The launch of the 2016 Ford GT at the Detroit auto show was greeted with great excitement by the world’s motoring press, a dramatic looking car fired the enthusiasm of the journalists; but what about the invisible A-pillar?
Developing a good looking and well resolved A-pillar is one of those apparently simple but actually very complex tasks that the designer faces. A trap that many designers fall into is the ‘invisible A-pillar’, where the plan shape of the windscreen flows round into the side glass in a smooth curved piece of surface. This is easy to sketch and very seductive when the designer is looking for a new image. The roof takes on the appearance of a single integrated cap that closes the top of the car.
This style usually ends up causing more problems than it solves. The roof will either look flat and without form on a small hatchback type of vehicle such as the Skoda Fabia or the Suzuki Swift. Or it will look thick, over-crowned and heavy, as is the case with the Lotus Evora and the Koenigsegg CCX. The Mini Paceman demonstrates that a roof can even look flat and formless whilst at the same time also looking thick and heavy.
Colin Chapman’s first mid-engined road car, the 1970s Lotus Europa, was designed by Ron Hickman. Hickman wanted the top line of the windscreen to curve round to meet the top line of the door glass; there was probably just one view point from which this would happen, although I never found it. The two lines are always in conflict with each other.

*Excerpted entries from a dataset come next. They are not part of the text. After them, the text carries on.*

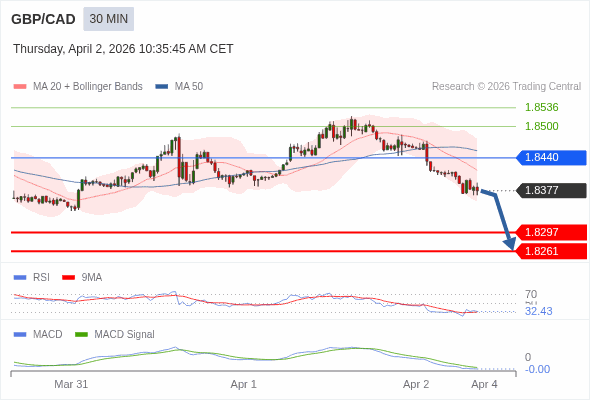 GBP/CAD mungkin turun 80 - 116 pip.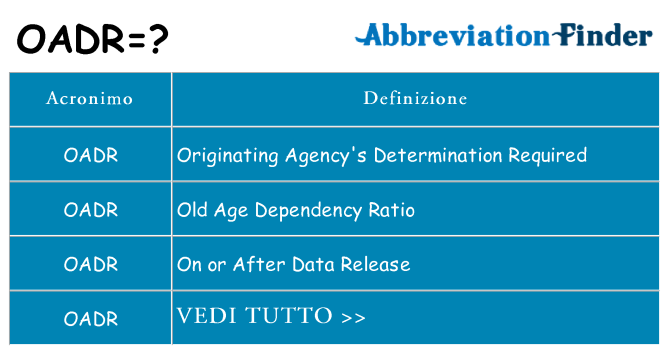 Che cosa significa l'acronimo oadr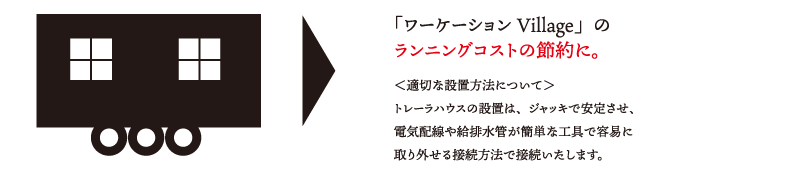 「ワーケーションVillage」の
ランニングコストの節約に。＜適切な設置方法について＞トレーラハウスの設置は、ジャッキで安定させ、電気配線や給排水管が簡単な工具で容易に取り外せる接続方法で接続いたします。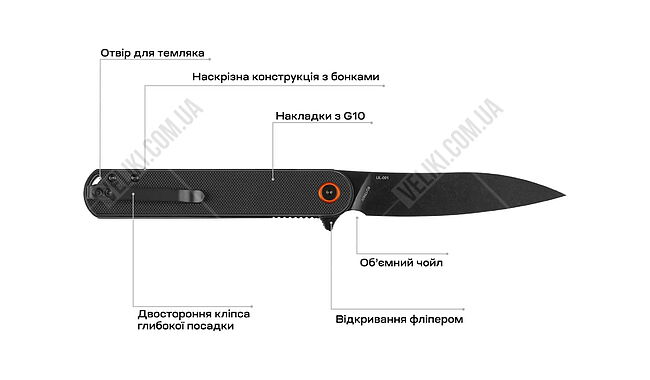 Нож Skif Townee Jr BSW - дополнительное фото 6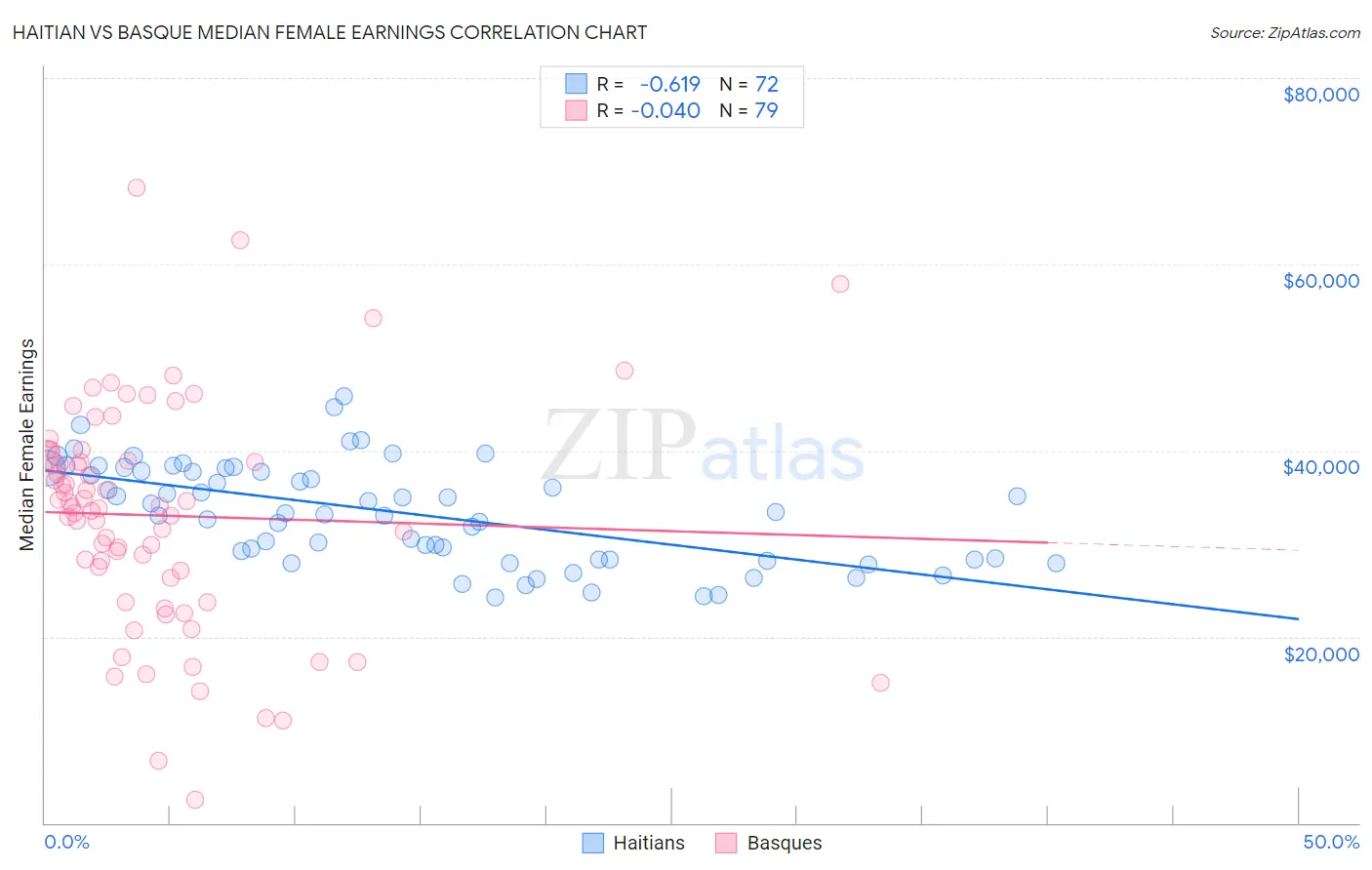 Haitian vs Basque Median Female Earnings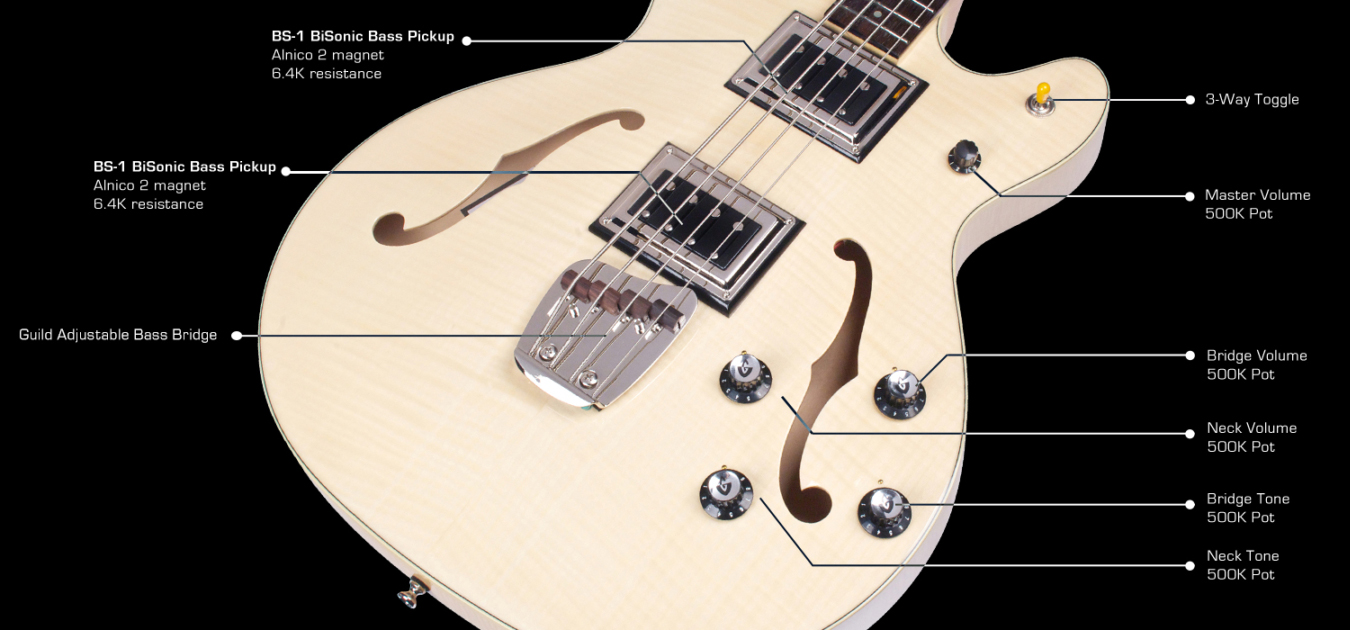 Guild Starfire Bass Ii Flamed Maple Newark St Collection Rw - Natural - Bajo eléctrico semi caja - Variation 4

This is the major problem with this route to design resolution; you can see it with all the examples here. The one view that worked in sketch form for the design team is always impossible to resolve in the other 179 views that one has of the side of a car.
One of the worst is the treatment of the A-pillar on the Citroen DS3. The design intention was no doubt to have an integrated black upper part to the body; roof, glass, upper B-pillars and the A-pillars. The lower body being in a bright contrasting color like yellow.